[Verification] Fixes flakey tests and race conditions #919

yhassanzadeh13 · 2021-07-02T22:41:57Z

This PR addresses three issues that cause, or can cause race condition:

The Run method of testify is not concurrency-safe. Hence, we audit the code and found places where it can cause race conditions and fixed those.
There is an inherited race condition between Run and AssertExpectationForObjects methods of testify which can cause the test to jump into expectation assertion while the mocked method is not yet returned, and result in a flakey behavior. Hence, we audited the code and found places that we evaluate the expected number of calls by both WaitGroups (within a Run) and AssertExpectationForObjects, e.g.,
```
  wg.Wait(x)
  verifier.On("ProcessLocal", mock.Anything).
  Run(func(args mock.Arguments) {
      // do some processings
      
      wg.Done()
  }).Return(nil).Times(x)

  unittest.RequireReturnsBefore(t, wg.Wait, 1*time.Second, "could not process chunks on time")
  mock.AssertExpectationsForObjects(t, verifier)
```
In such scenarios, we normally use WaitGroups to avoid indefinite blocking of the code in case the expected number of calls is not made. However, the same WaitGroup also instruments the expected number of calls, i.e., it does not unblock until it receives x expected calls. But the moment it unblocks, the process proceeds to the AssertExpectationsForObjects, while the original mock method may have not yet returned (inherited race condition of testify), so it have not yet satisfied the expected number of completely returned calls and can cause a falkey behavior when combined with AssertExpectationsForObjects.
To fix this issue, we remove mock.AssertExpectationsForObjects(t, verifier) for places like the example above where we can verify the expected number of calls as a side-benefit of WaitGroups.

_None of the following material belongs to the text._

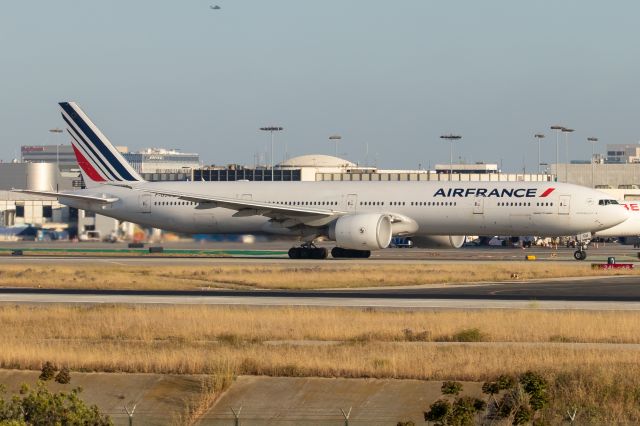 BOEING 777-300ER (F-GEQU) - 03.05.2017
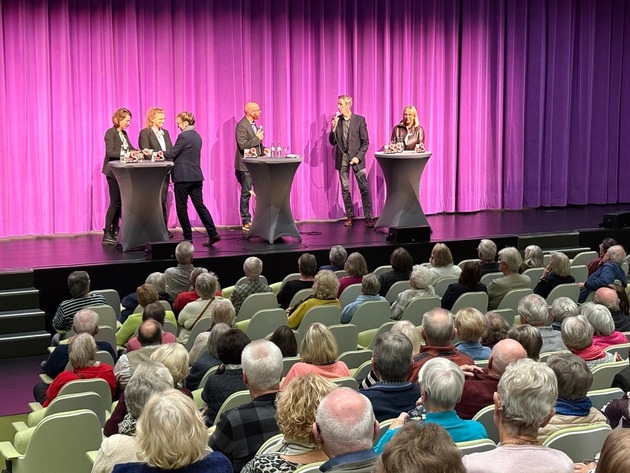 POL-EL: Lingen - Theaterstück &quot;Leg einfach auf!&quot; sensibilisiert hunderte Besucher für Betrugsmaschen am Telefon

Note that we do not use WaitGroups primarily to assert expectations, rather we use them to imply a timeout.
We instrument the code through -race flag of go and found one place that we cause a race condition between the RequestHistory and UpdateRequestHistory methods of ChunkRequests, and fixed it.

…yahya/4313-fix-run-method

yhassanzadeh13 · 2021-07-02T23:45:40Z

module/mempool/stdmap/chunk_requests.go


-	return request.Attempt, request.LastAttempt, request.RetryAfter, true
+	err := cs.Backend.Run(func(backdata map[flow.Identifier]flow.Entity) error {


to fix the race condition between this method and UpdateRequestHistory.

How does this fix the race condition? Both this and Backend.ByID acquire the lock.

I think the race condition is between IncrementAttempt and RequestHistory .

In the previous approach, when RequestHistory got the request object from ByID, it inspects the Attempt field, meanwhile IncrementAttempt could concurrently updating the Attempt field, causing race condition.

If we use Backend.Run instead, then IncrementAttempt will not be blocked waiting until RequestHistory is done with inspecting the fields.

ByID returns the reference (entity) to the chunk request status, and releases the lock right upon return. So the following piece of code is not protected by any lock. Let's call this part "unprotected":

if !exists { return 0, time.Time{}, time.Duration(0), false } request := toChunkRequestStatus(entity) return request.Attempt, request.LastAttempt, request.RetryAfter, true

The race condition happens when the request for the same chunk ID is updated concurrently by the UpdateRequestHistory while the RequestHistory is in its unprotected part (though its ByID call returned). Since the ByID released the lock, the UpdateRequestHistory can obtain the lock immediately and starts updating the request for the same chunk ID that is read by the unprotected part of concurrent RequestHistory invocation -> race condition. I examined this hypothesis by -race flag as well.

Now by using the Run method, we encapsulate the entire body of RequestHistory logic by a mutex lock. So, no UpdateHistory can get through while a RequestHistory call is in process.

cc @zhangchiqing

I think the race condition is between IncrementAttempt and RequestHistory .

@zhangchiqing in the current code IncrementAttempt is never used.

Another idea I thought about this morning is to add a RWLock to Request object, so that we can use ByID to query the Request object, and use a Read lock to read the fields.

The good part is that we no longer need to lock the entire Backend (by Run) if we only need to inspect one Request.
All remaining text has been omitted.